I am not very familiar with publicly traded partnerships, but what I'm saying applies generally to partnerships, LLCs, S-corps not electing to be taxed as corporations.
1. I assume when you say part III "column" N you mean "box" N. There aren't columns but there are boxes.
2. It is important to understand that pass-thru entities (LP's, LLCs) pass-through their income to you even if they never pay you a dime. This is one reason being a minority shareholder in such entities can be very dangerous. This is called phantom income. See https://www.investopedia.com/terms/p/phantom-income.asp ... for an investment entity though, the income should not be fictitious. It is more of a timing thing because any retained income in the entity will increase its value when sold (or decrease your loss). And it should increase your basis.
Therefore you will absolutely pay tax on many of the K-1 boxes. (E.g. 1, 2, 5, 8, 9) even if you don't get any cash. Indeed many rental entities will do the opposite. They will show a loss in box 2 while paying you cash (because of depreciation deductions).
3. Box 8 and 9 represent your share of the entities securities gains or losses. They will flow to the right spot on your Schedule D. (either line 5 or 12). Such losses are not passive, you always get to take them. Your box 8/9 amounts therefore are always taxed even if you haven't sold your LP/LLC interest. Your box 5 number should show up on your Schedule B as interest income.
4. Your basis is very important. When you sell your interest your gain (or loss) is your proceeds (what you sell your interests for) minus your adjusted basis.
Your adjusted basis (can't be negative) is what
- you originally paid
- + any later investments
- + any income (phantom or not)
- - distributions you received
- reduced for any losses
There are more things, but that is a good starting point. See https://www.irs.gov/pub/irs-pdf/p541.pdf starting on page 9.

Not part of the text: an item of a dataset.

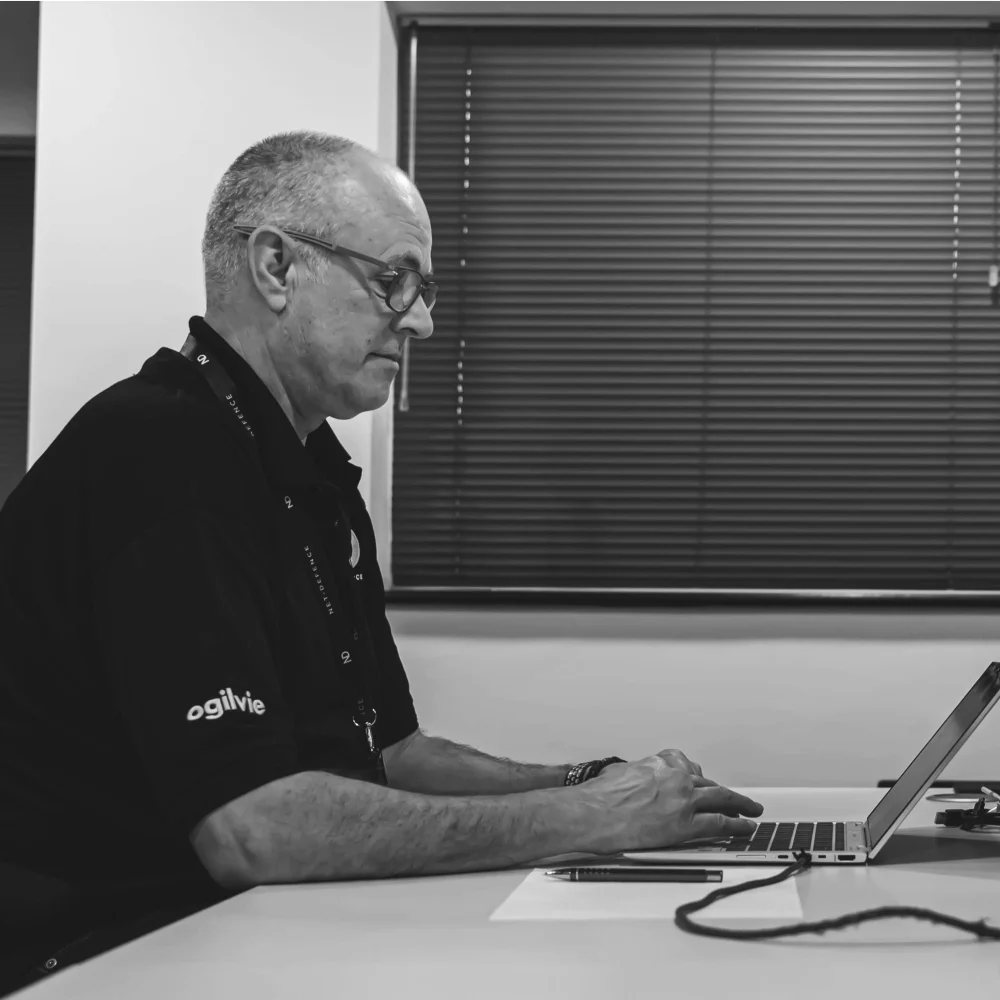 Craig Hester on laptop in ND office
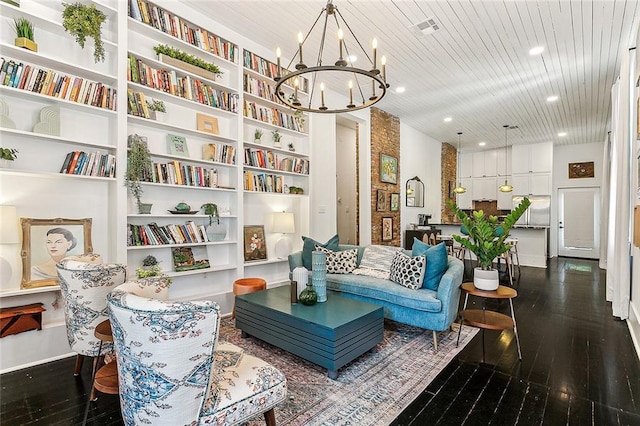 living area with an inviting chandelier, wooden ceiling, and built in features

I don't understand if box 8/9 gains/loss effect your basis. The probably do. Oh given your numbers they do. You say your cum basis adjustment is +2704, which is box 5 ($16 interest) + box 8 ($2412 ST cap gain) + box 11 code C ($284 straddle income) - box 13W ($8 deduction). That's what you were taxed on (phantom or not) so that increases your basis.
Re: your K-1 Part II. Frequently it is hard to understand. You can ask the LP. I think Part L should always add up and you should be able to find the numbers somewhere but it is often hard to figure that out. I don't understand why it doesn't add up and why it is 2700 and not 2704 or 2712.
So the $2704 is totally different from your gain or loss on selling your interest in the partnership. It is your gain from the year from the operations of the partnership. Your gain on the sale of the partnership is where you report the money you got for the sale minus your final adjusted basis. That seems like it is $13k, but I'm not sure since you mention you had previously sold some.
You aren't being taxed twice if you think about it like this. You invested $10k. You are taxed on $2.7k of phantom income. But that should increase the value of your interest by $2.7k (the all other securities owned by the partnership stay the same, which they won't). So you would then be able to sell for $12.7k. You gain on the sale would be $12.7k - 10k original basis - $2.7k basis change = $0 gain. Of course you might sell for more or less than $12.7k depending upon how the market moved.
You deal with that during the sale interview or in TT go to forms mode on the k-1 and look at the final amended section for the disposition checkboxes or "quickzoom" box for sale or disposition. You can probably get there from the interview as well.That's where you enter your basis for the sale and the gain or loss will flow to the right place. Be sure doesn't show up twice (especially if you imported the 1099-B).